[
https://issues.apache.org/jira/browse/TIKA-686?page=com.atlassian.jira.plugin.system.issuetabpanels:comment-tabpanel&focusedCommentId=13072328#comment-13072328
]
Antoni Mylka commented on TIKA-686:
-----------------------------------
FWIW I would say that fewer is better.
We (Aperture) tried it and overdid this. Long story short: version 1.4 was
split into 73 modules, with 31 external dependencies, builds took forever and
day-to-day development work was a pain. It was madness. Clearly, with a bit
more common sense it might have worked out better, but the key issue was that
nobody wanted this and everyone used a special 'onejar' assembly anyway.
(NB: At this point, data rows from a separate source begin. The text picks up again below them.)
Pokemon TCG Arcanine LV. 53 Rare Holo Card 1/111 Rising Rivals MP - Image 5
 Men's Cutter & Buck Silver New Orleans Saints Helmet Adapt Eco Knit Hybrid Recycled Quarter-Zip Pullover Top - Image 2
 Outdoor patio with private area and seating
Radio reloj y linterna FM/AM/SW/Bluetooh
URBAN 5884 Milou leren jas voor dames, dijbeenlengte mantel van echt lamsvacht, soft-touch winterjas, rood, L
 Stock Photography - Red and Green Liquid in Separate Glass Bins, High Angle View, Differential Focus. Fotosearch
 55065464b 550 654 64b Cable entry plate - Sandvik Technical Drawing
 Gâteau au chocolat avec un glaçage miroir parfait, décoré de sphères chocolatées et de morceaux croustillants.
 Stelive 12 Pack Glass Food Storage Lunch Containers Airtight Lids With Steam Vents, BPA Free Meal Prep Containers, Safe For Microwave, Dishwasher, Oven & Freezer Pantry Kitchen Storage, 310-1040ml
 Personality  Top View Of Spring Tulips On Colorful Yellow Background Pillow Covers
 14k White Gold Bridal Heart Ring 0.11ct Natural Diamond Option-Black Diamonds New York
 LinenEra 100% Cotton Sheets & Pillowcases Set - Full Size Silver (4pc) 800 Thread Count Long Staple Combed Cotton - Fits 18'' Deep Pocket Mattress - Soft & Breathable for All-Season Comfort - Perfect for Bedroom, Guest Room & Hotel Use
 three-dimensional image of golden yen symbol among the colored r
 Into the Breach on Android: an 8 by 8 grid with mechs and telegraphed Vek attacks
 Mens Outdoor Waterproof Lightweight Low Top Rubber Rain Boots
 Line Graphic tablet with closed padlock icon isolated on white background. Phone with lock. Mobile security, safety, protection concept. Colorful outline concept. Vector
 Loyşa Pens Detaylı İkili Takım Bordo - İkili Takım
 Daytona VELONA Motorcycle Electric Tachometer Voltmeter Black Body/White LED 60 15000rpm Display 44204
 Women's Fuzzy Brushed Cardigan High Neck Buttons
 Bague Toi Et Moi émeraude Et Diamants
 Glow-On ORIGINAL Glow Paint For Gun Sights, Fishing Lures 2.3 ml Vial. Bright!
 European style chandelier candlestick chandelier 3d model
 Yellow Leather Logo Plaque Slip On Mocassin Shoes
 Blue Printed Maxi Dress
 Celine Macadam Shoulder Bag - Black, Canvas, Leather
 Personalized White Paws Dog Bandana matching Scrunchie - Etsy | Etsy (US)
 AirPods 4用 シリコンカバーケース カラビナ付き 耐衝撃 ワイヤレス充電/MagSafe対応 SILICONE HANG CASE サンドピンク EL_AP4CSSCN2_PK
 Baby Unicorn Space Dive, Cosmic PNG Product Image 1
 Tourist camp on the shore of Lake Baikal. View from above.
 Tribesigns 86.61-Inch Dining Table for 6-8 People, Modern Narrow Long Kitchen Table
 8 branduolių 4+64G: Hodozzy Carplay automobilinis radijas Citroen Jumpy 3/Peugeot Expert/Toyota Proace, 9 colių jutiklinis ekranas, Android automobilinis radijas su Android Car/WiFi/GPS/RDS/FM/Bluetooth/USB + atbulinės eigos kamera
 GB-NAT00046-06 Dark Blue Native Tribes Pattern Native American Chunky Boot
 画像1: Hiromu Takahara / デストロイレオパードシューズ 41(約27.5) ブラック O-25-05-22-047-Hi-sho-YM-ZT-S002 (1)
I don't like optional dependencies. I need lots of XML in my pom to make my app
work.
I personally like exclusions better. Just it's necessary to make sure that
{{<dependency>
<groupId>org.apache.tika</groupId>
<artifactId>tika-parsers</artifactId>
<exclusions>
<exclusion>
<groupId>org.apache.poi</groupId>
<artifactId>poi</artifactId>
</exclusion>
<exclusion>
<groupId>org.apache.poi</groupId>
<artifactId>poi-scratchpad</artifactId>
</exclusion>
<exclusion>
<groupId>org.apache.poi</groupId>
<artifactId>poi-ooxml</artifactId>
</exclusion>
</exclusions>
</dependency>}}
... works without ClassNotFoundErrors. (Aperture throws them in such a case
right now).
A solution with pom-only modules for each parser are OK as long as the default
case is left as it is. The same problem will have to be solved though. If I
only want office with poi, then the Tika facade must not initialize the
PdfParser even though the class itself is present on the classpath, just its
dependencies aren't.
> Split tika-parsers into separate components
> -------------------------------------------
>
> Key: TIKA-686
> URL: https://issues.apache.org/jira/browse/TIKA-686
> Project: Tika
> Issue Type: Wish
> Components: parser
> Affects Versions: 0.9
> Reporter: Christopher Currie
> Priority: Minor
>
> The email thread [1] from two years ago that led to splitting Tika into
> separate components also suggested splitting tika-parsers into separate
> components based on dependencies. This would be extremely useful, especially
> in cases where a given parser has no dependencies beyond tika-core. Please
> consider refactoring the parsers into separate components for 1.0.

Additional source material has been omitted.